« Qui nous sauve du mal ? »

La réalité telle qu’elle est devient la première forme de compagnie, capable de réveiller toute la nostalgie de sa Présence

« Prof, vous croyez vraiment ? me demande Anna, au beau milieu du cours, en classe de première. - « Oui », ai-je répondu. - « Moi, je suis athée ». Mais ce n’est pas là-dessus que se fonde ma relation avec elle, Je lui dis alors que, pendant l’heure de religion, « le but est simplement de découvrir si nous pouvons vivre intensément tout ce qui nous arrive et, à ce niveau, les prises de position comptent peu ». Anna persiste : « Moi, je ne crois pas en Dieu parce que, l’année dernière, à Naples où j’habitais, j’ai vu un garçon se faire assassiner. Je l’ai vu de ma fenêtre, baignant dans une flaque de sang. Puis j’ai compris que c’était un de mes amis. Quand je suis descendue, il y avait à côté de lui sa maman, sa grand-mère et son petit frère qui hurlaient et priaient. Cela m’a semblé la seule chose à faire. J’ai prié moi aussi, comme jamais je ne l’avais fait. Mon ami est mort quand même. Depuis, je ne crois plus. Pourquoi Dieu permet-il ça ? Qui nous sauve du mal ? »

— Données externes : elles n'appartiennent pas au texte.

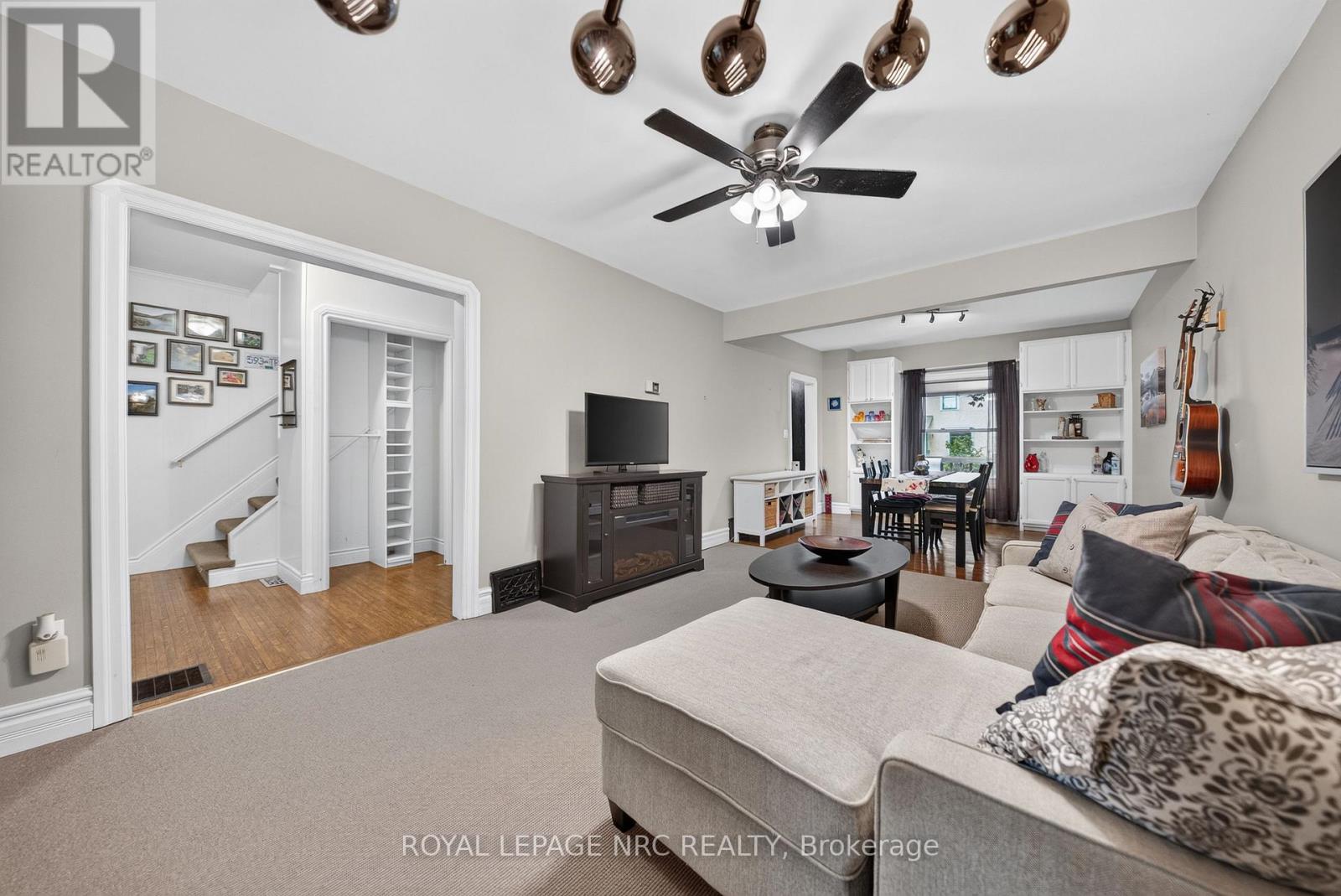 88 CHAPLIN AVENUE - 11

La sonnerie de la cloche interrompt les sanglots d’Anna et le silence qui est tombé. Je sors avec elle. Je lui dis de ne pas avoir peur de ces questions, de les tenir vives, parce que désormais nous pouvons les affronter ensemble. Spontanément, je l’invite à la journée de début d’année de GS (Jeunesse étudiante). Je veux lui offrir ce qui, pour moi, est la réponse à ce qui s’agite dans le cœur de tout homme. Elle me regarde et me dit : « Je ne sais pas pourquoi j’ai raconté tout cela. Je ne voulais pas le faire savoir à toute la classe. Mais, quand je vous ai vue entrer, j’ai compris que je pouvais avoir confiance ». Qu’est-ce qui l’a poussée à avoir confiance ? Elle m’avait défiée au début du cours par son comportement indiscipliné et je n’avais pas été capable d’autre chose que de réagir. Qu’est-ce qui est arrivé ? Sa demande de sens, même si elle est posée comme un défi, m’a rendue immédiatement solidaire, liée à elle par quelque chose de plus grand que mon incapacité. « Aujourd’hui, ai-je pensé, Tu es venu me chercher ! ». La réalité telle qu’elle est devient la première forme de compagnie, capable de réveiller toute la nostalgie de sa Présence. Anna me regarde. Je pense que ce petit visage m’a rendue présente à moi-même, plus attentive, plus disponible pour voir comment, aujourd’hui, Jésus m’appelle, même au cœur de circonstances que je voudrais éliminer, ou du moins éviter. Anna m’a arrachée à ce « pour moi, le présent n’est jamais maintenant ».